DOCTOR SLEEP – Stephen King
Un uomo e la sua bottiglia. Un residuo di umanità ed un fardello da trascinare lungo i bar disseminati per l’America. Dan Torrance ha molto da dimenticare, un passato che lo ha visto lottare contro demoni non suoi, ma Dan ha anche molto da voler evitare nel presente: incubi ricorrenti come spirali che inghiottono cumuli di morte, evocati nel piano del reale tramite un potere, la luccicanza (shining).
Un ritorno in lande così tanto adorate, un passaggio ulteriore all’interno della psiche di personaggi il cui passato e il cui futuro sono stati immaginati, costruiti e lasciati a maturare nelle pieghe della nostra mente per lunghi anni. Dare un seguito a Shining, o meglio alla vita del piccolo Doc, non può che suonare come eresia. Superato questo scoglio naturale si può sia lanciarsi nella lettura del suo seguito sia nell’analisi dello stesso con un minimo di distacco necessario, scoprendone la vera essenza: una storia adatta a lettori di (quasi) tutte le età che sarebbe potuta nascere dalla penna di (quasi) qualsiasi scrittore.

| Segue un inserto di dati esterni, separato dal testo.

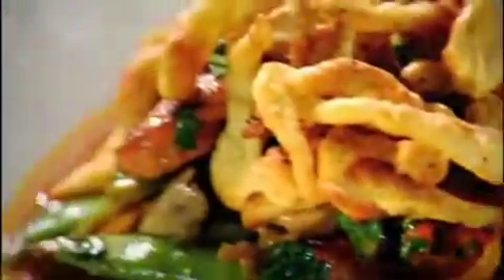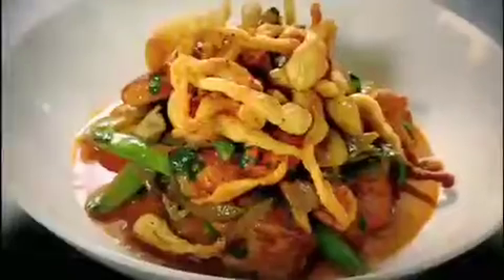Stroganoff. And that has to be the perfect stroganoff — smoked paprika chicken stroganoff with spetzale. Done.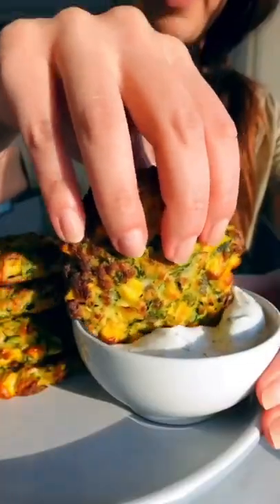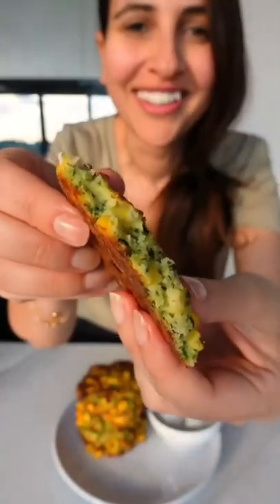These zucchini corn fritters are one of my favorite things to make for brunch on Sundays — they taste so good and are so soft in the middle. Grate three zucchinis in a clean towel and leave them on the side for now.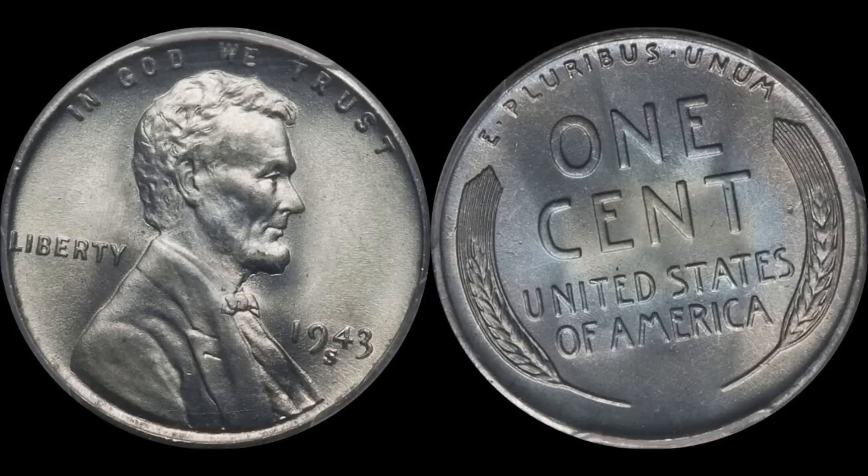They're common enough still in the high grade level. If you had to put a grade level, mint state 65 and 66 are your most common dates to find BU-wise. Mint state 67s, if graded and authenticated through PCGS or NGC, sell pretty affordably in the $100 to $150 range — in fact, the most recent 1943-S sold for about $163. So even in the highest grade, it's still a fun and very affordable coin to collect because of its one-year type uniqueness.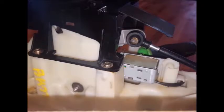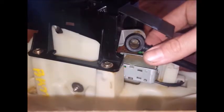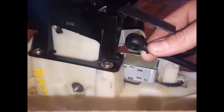To get to this, you'll need to remove the console or the knee bolster depending on your vehicle. There are several different cable styles it goes in.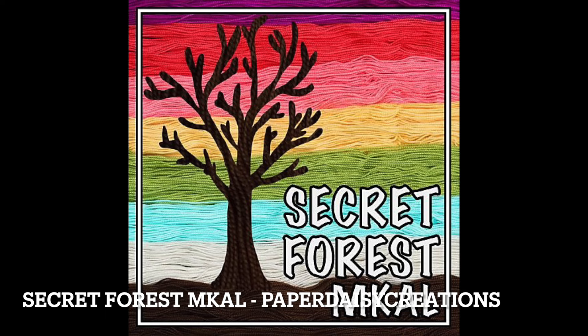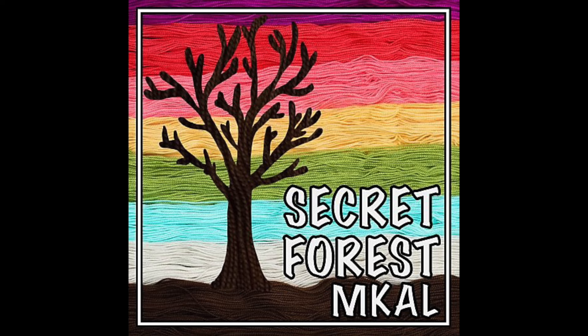The first on my Make Nine is my Secret Forest Mystery Knit Along. It is not a mystery anymore, of course — that was in September. It is a pattern by Paper Daisy Creations, the lovely Lisa, who I had an interview with last week. My Secret Forest is not even half done, so I want to try and finish it this year.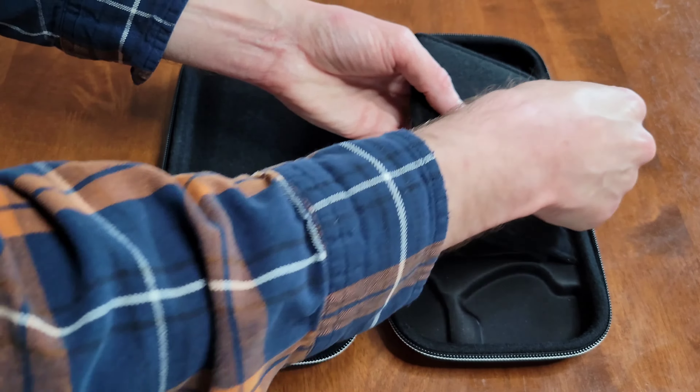Make sure to recycle the packaging if you can, and if you can't, make sure to dispose of it properly. Here is my review on the Game Traveler Deluxe Travel Case by RDS Industries Inc. I like that this case has a hard shell, I like the adjustable viewing stand, and I like that it comes with two game card cases and two micro SD card cases. I like the design and how they put 'Nintendo Switch' on the case and on the zipper. I also like how this case has a handle.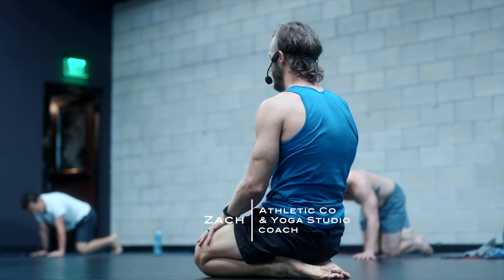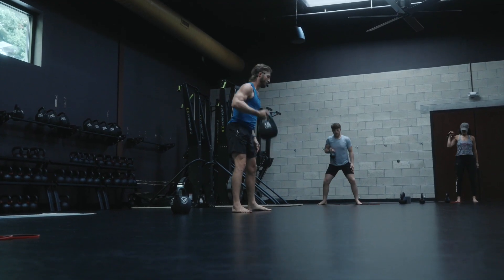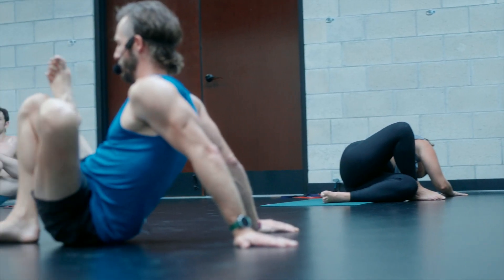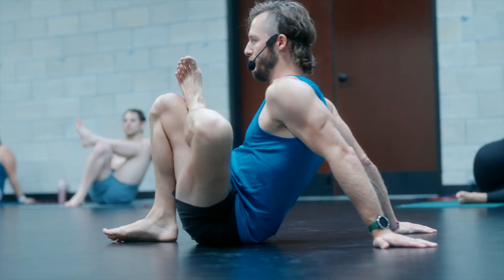My name is Zach. I'm here with the Body Electric Athletic Company. Light Club is a monthly workshop, second Wednesday of every month. It starts at 6 o'clock, goes to 7:15.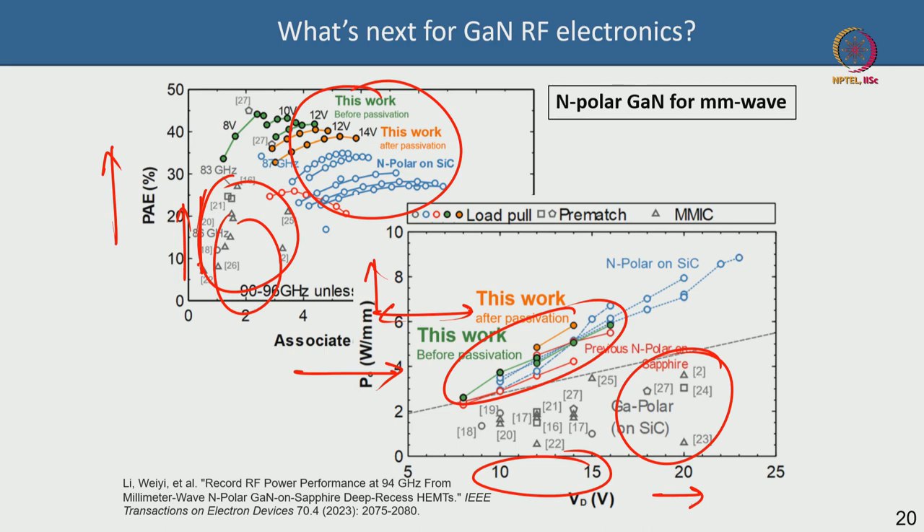With that we conclude Lecture 33. We have one more lecture to go, in which we will discuss linearity. Today we covered the future directions for GaN RF device technology: hybrid and MMIC assembly, enhancement-mode low-power GaN for handheld devices, GaN-on-Silicon for RF, integrated TR modules, and N-polar GaN. Thank you for your time — see you in the next and last lecture of the week on GaN RF devices.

Doctor Sleep subisce un abisso tra il primo quarto del libro ed il resto, un’esaltante discesa nella vita devastata del povero Dan, un bambino che aveva imparato a rinchiudere dentro cassette di sicurezza della mente le proprie vivide (e tangibili) paure, e che si trova adesso a dover bere, bere e ancora bere per tentare di scacciarli via. Un continuo di immagini orrende che si susseguono nella sua mente, specialmente di notte quando si trova a mostrare i fianchi di fronte alla furia degli spiriti. Quale migliore condizione fisica, se non quella inebriata dall’alcol, per non lottare contro questo male ma schivarlo? Bottiglie su bottiglie che iniettano amarezza nell’anima, sporcandola per sempre.
La piccola Abra, sorta di immane contenitore di luccicanza, è un personaggio interessante ma incompleto, giovane ma al contempo adulto. Un carattere che avrebbe necessitato di approfondimento. Mentre proprio i “cattivi” di turno, il Vero Nodo, sorta di combriccola dedita alla ricerca di giovani vittime dove la luccicanza scintilla almeno un minimo, manca di incisività, non riesce mai ad essere il treno (o meglio il camper) di terrore capace di deragliare oltre lo spirito del lettore, lasciandolo attonito nell’orrore, come altri boogeyman hanno già fatto nel passato (Randall Flag su tutti). La tensione latita, l’evoluzione dei personaggi si arresta alla prima sezione, lo scontro finale privo di mordente, sangue e crescendo, non aiuta a coronare le cinquecento pagine che compongono Doctor Sleep, lasciando pensare al romanzo come scritto per motivi alimentari. Peccato che, dato l’illustre predecessore, il piatto (di shining) risulta indigesto.